▶ [Your assignment]: Range to output from the entries below: the line containing "Kárpitozott fali panel" through the line containing "Berrypro Light Surf". Set it down exactly, ends included, nothing else.

▶ [Records provided]:
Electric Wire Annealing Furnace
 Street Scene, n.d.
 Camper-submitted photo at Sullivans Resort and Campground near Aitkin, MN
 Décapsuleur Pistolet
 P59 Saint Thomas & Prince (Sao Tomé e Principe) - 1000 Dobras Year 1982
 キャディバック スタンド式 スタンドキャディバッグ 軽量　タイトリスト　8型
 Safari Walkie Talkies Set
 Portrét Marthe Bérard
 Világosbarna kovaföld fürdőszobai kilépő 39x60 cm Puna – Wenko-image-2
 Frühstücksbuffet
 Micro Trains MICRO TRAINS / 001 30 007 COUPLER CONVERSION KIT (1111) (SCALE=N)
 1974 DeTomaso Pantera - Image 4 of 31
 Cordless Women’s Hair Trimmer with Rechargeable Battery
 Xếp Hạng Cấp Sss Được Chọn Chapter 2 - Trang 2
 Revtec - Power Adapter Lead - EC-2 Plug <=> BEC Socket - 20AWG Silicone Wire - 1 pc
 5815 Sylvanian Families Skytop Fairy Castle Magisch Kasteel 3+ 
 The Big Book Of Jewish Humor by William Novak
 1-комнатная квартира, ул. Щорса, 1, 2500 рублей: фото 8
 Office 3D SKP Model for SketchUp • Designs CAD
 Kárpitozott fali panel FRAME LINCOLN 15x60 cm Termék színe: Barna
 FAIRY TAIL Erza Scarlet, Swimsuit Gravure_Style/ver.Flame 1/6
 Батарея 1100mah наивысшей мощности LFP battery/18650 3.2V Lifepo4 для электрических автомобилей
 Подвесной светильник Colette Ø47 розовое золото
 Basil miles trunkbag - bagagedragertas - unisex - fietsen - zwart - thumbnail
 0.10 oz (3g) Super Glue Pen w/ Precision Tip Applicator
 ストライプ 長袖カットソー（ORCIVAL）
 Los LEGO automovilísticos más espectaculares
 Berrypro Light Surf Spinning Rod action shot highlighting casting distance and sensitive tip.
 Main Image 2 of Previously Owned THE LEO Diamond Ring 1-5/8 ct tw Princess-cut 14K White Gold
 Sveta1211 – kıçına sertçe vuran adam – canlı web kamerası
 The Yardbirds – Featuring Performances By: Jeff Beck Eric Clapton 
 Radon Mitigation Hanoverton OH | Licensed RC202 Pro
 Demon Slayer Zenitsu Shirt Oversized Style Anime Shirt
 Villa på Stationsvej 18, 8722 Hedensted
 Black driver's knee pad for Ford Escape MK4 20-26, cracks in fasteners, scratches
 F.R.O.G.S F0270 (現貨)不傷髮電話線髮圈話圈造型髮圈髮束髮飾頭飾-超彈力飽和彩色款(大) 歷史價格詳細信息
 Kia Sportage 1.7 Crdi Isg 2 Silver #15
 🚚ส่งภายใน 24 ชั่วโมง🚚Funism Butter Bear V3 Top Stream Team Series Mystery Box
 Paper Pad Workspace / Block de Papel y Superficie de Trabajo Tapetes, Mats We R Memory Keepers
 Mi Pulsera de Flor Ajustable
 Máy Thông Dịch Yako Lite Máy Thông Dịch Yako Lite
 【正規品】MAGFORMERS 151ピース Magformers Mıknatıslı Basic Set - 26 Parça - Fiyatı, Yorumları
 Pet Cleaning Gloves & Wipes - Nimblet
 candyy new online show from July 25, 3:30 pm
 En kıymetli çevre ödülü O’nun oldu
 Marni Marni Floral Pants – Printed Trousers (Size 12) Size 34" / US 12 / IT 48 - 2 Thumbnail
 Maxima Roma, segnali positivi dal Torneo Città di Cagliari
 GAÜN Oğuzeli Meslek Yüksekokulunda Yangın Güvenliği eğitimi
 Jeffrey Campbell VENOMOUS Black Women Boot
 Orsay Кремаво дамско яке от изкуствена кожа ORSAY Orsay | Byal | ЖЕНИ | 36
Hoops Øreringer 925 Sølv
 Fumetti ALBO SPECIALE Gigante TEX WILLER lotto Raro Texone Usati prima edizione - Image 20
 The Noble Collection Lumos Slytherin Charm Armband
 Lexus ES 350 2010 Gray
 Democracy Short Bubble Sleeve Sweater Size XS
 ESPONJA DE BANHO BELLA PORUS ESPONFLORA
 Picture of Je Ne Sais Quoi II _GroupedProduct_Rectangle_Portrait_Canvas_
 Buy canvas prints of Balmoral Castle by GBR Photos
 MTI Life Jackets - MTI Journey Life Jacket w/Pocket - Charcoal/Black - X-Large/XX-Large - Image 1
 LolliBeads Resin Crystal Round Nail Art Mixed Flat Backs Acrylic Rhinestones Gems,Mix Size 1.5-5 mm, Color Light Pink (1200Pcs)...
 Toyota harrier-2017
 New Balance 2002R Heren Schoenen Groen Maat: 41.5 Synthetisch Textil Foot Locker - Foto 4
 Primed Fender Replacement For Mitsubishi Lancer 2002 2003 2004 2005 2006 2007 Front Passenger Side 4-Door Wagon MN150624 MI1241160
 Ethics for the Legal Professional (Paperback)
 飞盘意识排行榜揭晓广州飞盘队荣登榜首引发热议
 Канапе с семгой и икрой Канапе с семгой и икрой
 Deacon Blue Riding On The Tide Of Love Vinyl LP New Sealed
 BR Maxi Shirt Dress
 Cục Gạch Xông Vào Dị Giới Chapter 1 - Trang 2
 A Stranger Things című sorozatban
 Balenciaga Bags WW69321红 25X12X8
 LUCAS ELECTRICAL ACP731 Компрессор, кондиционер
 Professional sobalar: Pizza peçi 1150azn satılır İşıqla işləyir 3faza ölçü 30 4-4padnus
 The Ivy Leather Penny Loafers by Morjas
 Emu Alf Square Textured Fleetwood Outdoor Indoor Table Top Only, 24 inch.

▶ [Solution to the problem]:
 Kárpitozott fali panel FRAME LINCOLN 15x60 cm Termék színe: Barna
 FAIRY TAIL Erza Scarlet, Swimsuit Gravure_Style/ver.Flame 1/6
 Батарея 1100mah наивысшей мощности LFP battery/18650 3.2V Lifepo4 для электрических автомобилей
 Подвесной светильник Colette Ø47 розовое золото
 Basil miles trunkbag - bagagedragertas - unisex - fietsen - zwart - thumbnail
 0.10 oz (3g) Super Glue Pen w/ Precision Tip Applicator
 ストライプ 長袖カットソー（ORCIVAL）
 Los LEGO automovilísticos más espectaculares
 Berrypro Light Surf Spinning Rod action shot highlighting casting distance and sensitive tip.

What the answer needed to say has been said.